Try the task below with a poem. For each version, start with a non-line-broken text.
- Lay the text out in rectangles, 2 lines per stanza, lines over 8cm long. Isolate the final line if you wish
- Lay the text out in rectangles, 5 lines per stanza. lines less than 5cm long. Isolate the final line if you wish
- Break it into stanzas as you'd break prose into paragraphs. Then break lines at the clause-break nearest to the 6cm mark.
- Look for a place or two where you can add a clever line-break (at the word "break" for example, or "he was good/ for nothing"). Then break the other lines so that the resulting poem's lines are all about 6cm long. Add a stanza break half way through the poem.
Give these versions out. Ask people to put a "1" by a line-break that deserves a point, a "-1" by line-breaks that detract from the poem, and nothing beside line-breaks that do nothing. Try to have some people who read many novels/stories but no poetry amongst your audience. Assess the results. In how many of the versions does the line-break total score come out positive? In particular, ask yourself why the line-breaks with a "-1" beside them need to be there. Then consider removing the line-breaks that have nothing beside them - if they do nothing, why clutter the poem with them? Or do the results suggest that the more line-breaks used the better?
You might try scoring the adverbs and adjectives while you're at it, culling those that don't earn their keep.
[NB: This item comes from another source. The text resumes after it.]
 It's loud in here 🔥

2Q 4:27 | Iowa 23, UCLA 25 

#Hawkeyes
There may well be more uniformity of opinion amongst the poetry-reading (aka poetry-writing) audience than amongst the general audience. The poets know that line-breaks can be used to
- suggest to the reader the overall reading-strategy to adopt
- disrupt the language
- create units of breath
- create units of meaning
- replace punctuation
- create a pause (less than a comma)
- emphasize the final word of the line
- emphasize the first word of the next line (US poets moreso than UK ones do line-breaks like "the/ death", leaving a minor word at the end of the line)
- create a shape poem
- force a premature parse ("he fell/ asleep")
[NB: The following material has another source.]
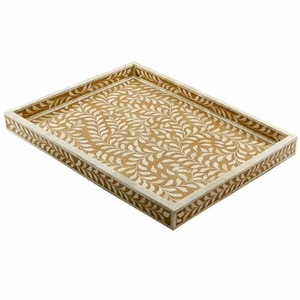 Bandeja de servir con incrustaciones de hueso fabricada en India, con diseño de mosaico hecho a mano y acabado elegante para uso en el hogar, restaurantes y hoteles, en venta. - Product Image 3
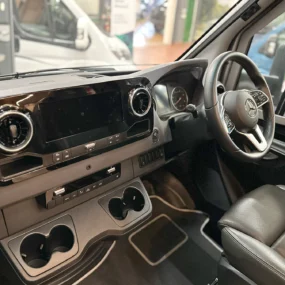 Hymer ML-T 580 AWD Steering Wheel & Multimedia System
- set up a pattern of line-length expectation (or clause/line-ending synchronisation) that can be used to surprize the reader
In fact, it's rather hard not to be able to find an excuse for any particular line-break. And it's hard not to sound like a boring kill-joy when trying to describe why a line-break isn't good enough. Moreover, some people tend to be defensive about their line-breaks, especially if the poets can't explain why the line-breaks (which begin to be described as "powerful") have to be just so - it's a personal thing, part of their "voice", the last vestige of visual evidence that they're writing poetry rather than prose. One of the outcomes of the above exercise is to gain experience at discrediting line-breaks so one is able to perceive that adding a line-break is taking a risk, that there are disadvantages too. If there aren't, we'd all be writing long, thin poems.
I sometimes use rhyme (and half-rhyme). I usually use line-breaks, and often my stanzas are bricks. Like the rhymes the line-breaks vary in their "strength". Much of the time I use line-breaks because other people do - they're the default, they're what readers expect, and they're easy for readers to ignore (easier than ignoring the lack of line-breaks in "prose poetry").
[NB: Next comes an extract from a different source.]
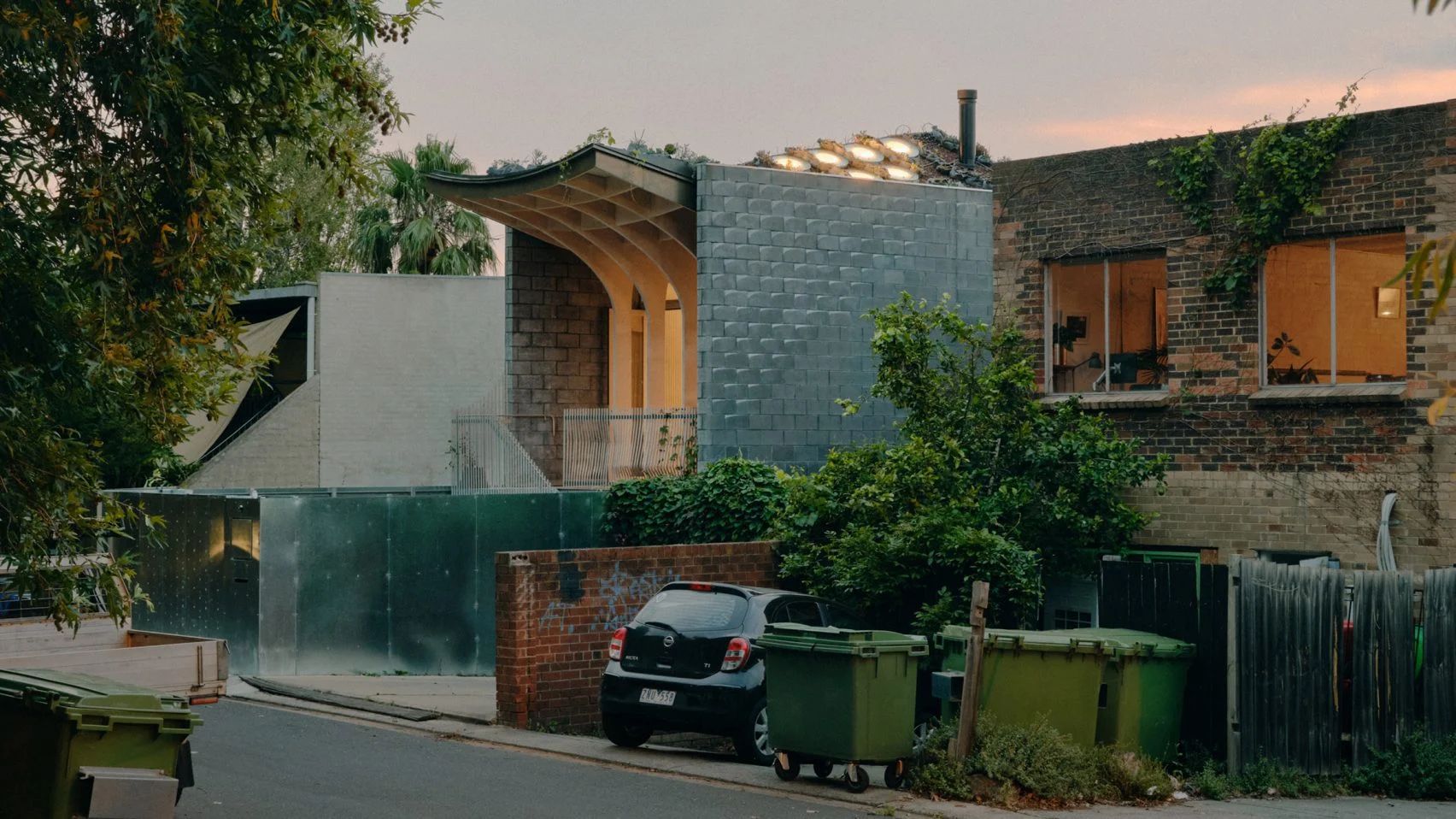 https://static.dezeen.com/uploads/2024/11/hero-northcote-house-llds-architects-melbourne_dezeen_2364_col_11-1704x958-1.jpg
The book I've got the most from on this subject is Next word, better word by Stephen Dobyns. He points out that for some (generations of) poets, "many of their lines appear flaccid and lack any apparent reason why a line is broken this way rather than that. Their lines often read like prose". However, not all poetry's like that - "Rewrite Gluck's poem with end-stopped lines and it would read as prose, while if the same were done to Lux's poem, it would still read as a poem, though a much weaker one". He points out that readers can find in prose the patterns of sounds and pauses they appreciate in free verse. He spends 3 pages on this first sentence from Henry James' "The Middle Years" - "The April day was soft and bright, and poor Dencombe, happy in the conceit of reasserted strength, stood in the garden of the hotel, comparing, with a deliberation in which, however, there was still something of langour, the attractions of easy strolls".
The stage/page issue arises with line-breaks too. In his book Dobyns write that "Wallace Stevens, when he read his poetry, never audibly broke the line". At the other extreme is the poet I heard who read his poem (shaped like a temple) so that his pauses matched the length of the spaces on the page! As an experiment it would be interesting to see where listeners think a poem's line-breaks are.